Kathy Sheridan: Only the Russians themselves can bring about regime change

That agonising generational task cannot be undertaken by Nato or Ukrainians

Who would want to be a Ukrainian negotiator tasked with reaching a binding agreement with Vladimir Putin? Photograph: Mikhail Klimentyev/Sputnik/ Kremlin Pool Photo via AP
Who would want to be a Ukrainian negotiator tasked with reaching a binding agreement with Vladimir Putin? Photograph: Mikhail Klimentyev/Sputnik/ Kremlin Pool Photo via AP

If there was a smidgen of competition for the slapped Oscars’ host as Monday’s story of the day, it had to be Radio 4’s interview with former Russian parliamentarian and Putin superfan, Sergey Markov.

Joe Biden’s “gaffe” apparently suggesting regime change – “for God’s sake, this man cannot remain in power” – had shot indignation levels to the stratosphere. Even as half the world nodded vigorously in agreement, there was no denying it was a gift that played straight into the Kremlin narrative. See – we told you the West is out to get us; we are under existential threat, now check out the terms under which we permit ourselves to engage nuclear weapons.

“It is not up to the president of the United States to decide who will remain in power in Russia.
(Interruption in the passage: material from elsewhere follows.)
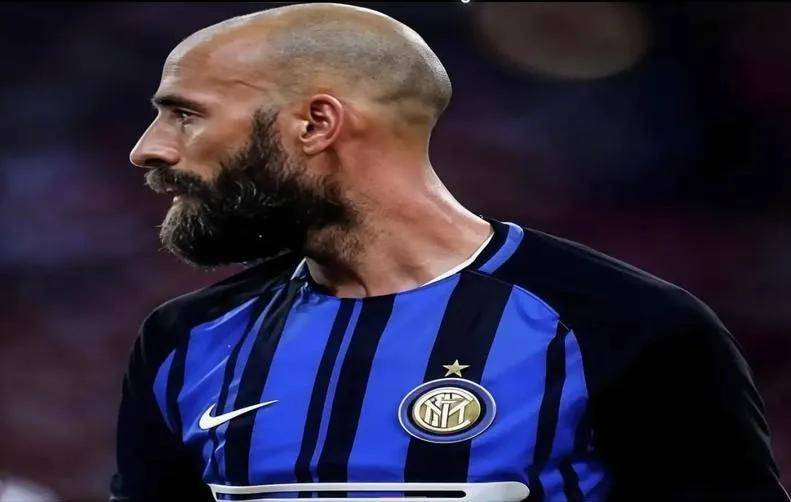 爱游戏在线-米兰德比：AC米兰客场不敌国米，遭遇失败的简单介绍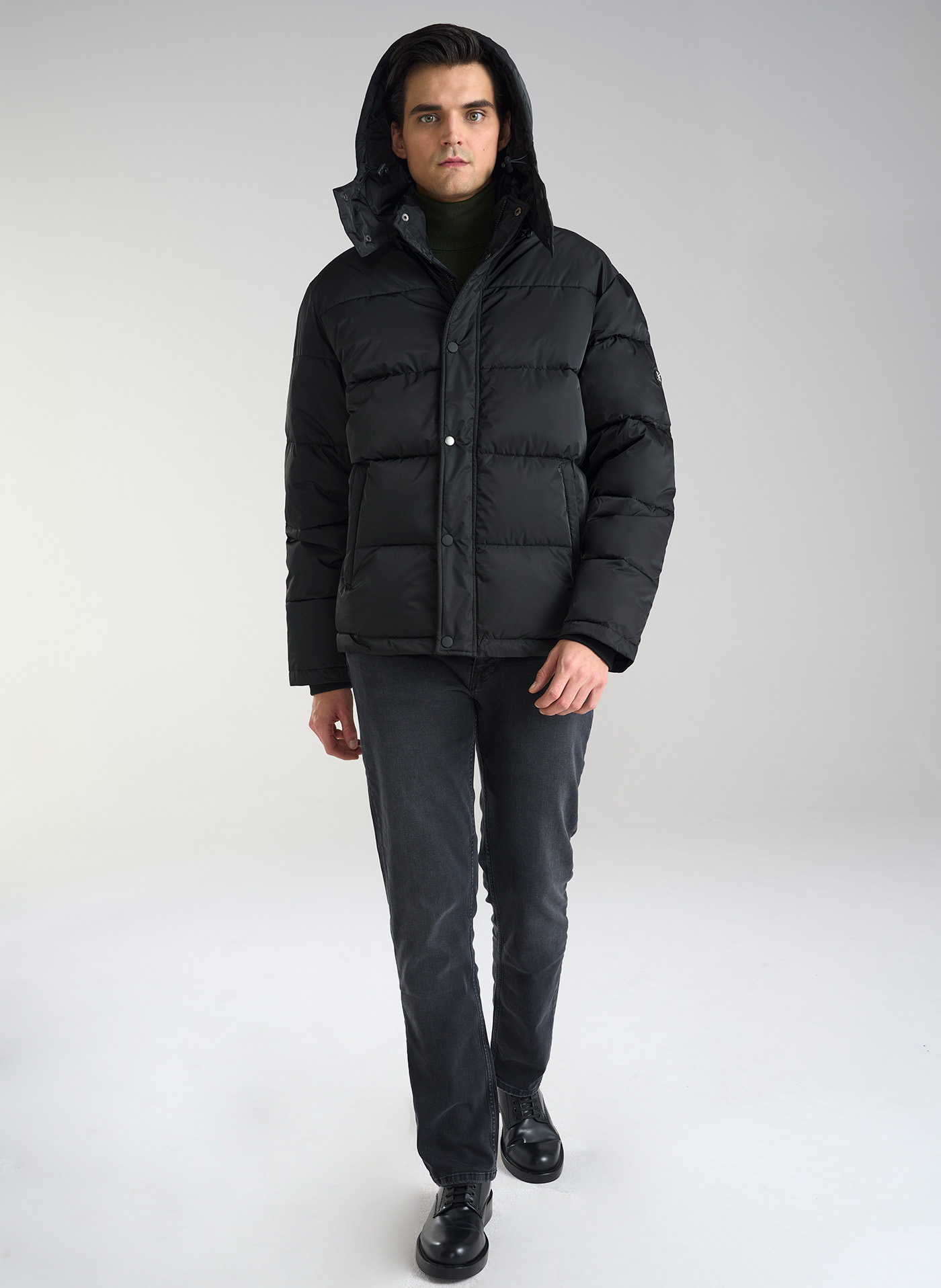 Krótka czarna męska kurtka z kapturem - Pako Lorente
Only Russians can decide that. . . ,” said the Kremlin’s spokesman, aware no doubt that regime change is precisely Putin’s mission in Ukraine.

We are constantly told that Putin is driven by disrespect from the outside world, in which case he has nothing to lose now

Confusing. So, Markov, do you think it is wrong for countries to pursue regime change in sovereign, independent countries?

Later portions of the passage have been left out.